As the steady march toward population health management (PHM) in medicine continues, the critical role of radiology should not be overlooked. Radiologists touch a range of patients and, as such, can occupy a central role in patient care management. The key role that radiology plays in acute settings is well known; however, the untapped potential of radiologists in facilitating healthcare from a PHM perspective is arguably even greater. The increasing sophistication of AI algorithms, and their potential integration into the radiologist’s workflow, further foregrounds the specialty’s importance.
One key space in which radiology can lead is in the management of incidental findings. Heterogeneous strategies around incidental findings management have led to uneven results. Part of the difficulty in creating a robust solution is the lack of control that radiologists exercise in ordering follow-up studies due to existing legislation. As Gregory N. Nicola, MD, FACR, chair of the ACR Commission on Economics, notes, as diagnostic radiologists, we are not considered treating physicians and as such not allowed to manage patients, which includes ordering follow-up studies.1 In addition, the manual nature of how incidental findings are traditionally managed is not conducive to a systematic workflow. Leveraging the central role of radiologists in using AI to manage incidental findings, in collaboration with our clinical colleagues, has the potential to transform healthcare delivery —both from a diagnostic and a workflow perspective.
As a diagnostic aid to radiologists, machine learning algorithms can help in the assessment of coronary artery calcifications, bone mineral density, abdominal aortic aneurysms, and numerous other applications.2 In other words, these algorithms are increasingly becoming part of the radiologist’s arsenal. In addition, these algorithms can be configured to alert the radiologist as well as populate findings into the imaging report directly.
Imagine integrating these diagnostic algorithms with natural language processing (NLP) and the EHR. Such a scenario could facilitate consultations with an appropriate specialist in a timelier manner.
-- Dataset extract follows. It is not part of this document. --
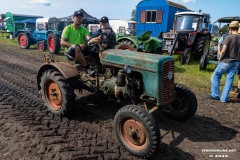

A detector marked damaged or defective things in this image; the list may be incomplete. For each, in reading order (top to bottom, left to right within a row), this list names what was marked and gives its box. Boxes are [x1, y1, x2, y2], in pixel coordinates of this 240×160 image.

rusty wheel rim [44, 79, 61, 110]
rusty wheel rim [121, 119, 147, 150]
For example, consider the assessment of coronary artery calcification by an algorithm. In a typical workflow, this incidental finding would not be acted upon until the primary care provider requests a consultation. However, what if the coronary artery calcification score identified by the AI algorithm and included in the radiologist report could be automatically routed to a cardiovascular team for management? There would be more timely proactive health management with fewer patients lost to follow-up. Using these types of algorithms, scenarios such as aortic aneurysms or lung nodules could also be similarly managed. Indeed, similar workflows could be implemented for many incidentalomas.
Successfully managing incidental findings is critically dependent on collaborations with our referring providers. As experts in the assessment of radiological findings, it is our responsibility to direct patients on the next best steps in their care pathway. This mindset can include identifying and even scheduling the specialist visit that is most appropriate in managing the issue. Developing these workflows in conjunction with our clinical colleagues will help us move away from the current siloed nature of healthcare delivery. Radiologists are poised to lead in this transformation. In addition to making diagnoses and communicating findings, radiologists should be active participants in directing the most appropriate next steps.
In a PHM setting in which accountable care organizations are responsible for overall patient health, the emphasis is on proactive health maintenance. Directing at-risk patients to appropriate care so they are less likely to present in the ED is the type of forward-thinking healthcare for which we should be striving. With the aid of machine learning and by tightly coordinating care with our provider colleagues, radiologists can help establish better healthcare for our patients.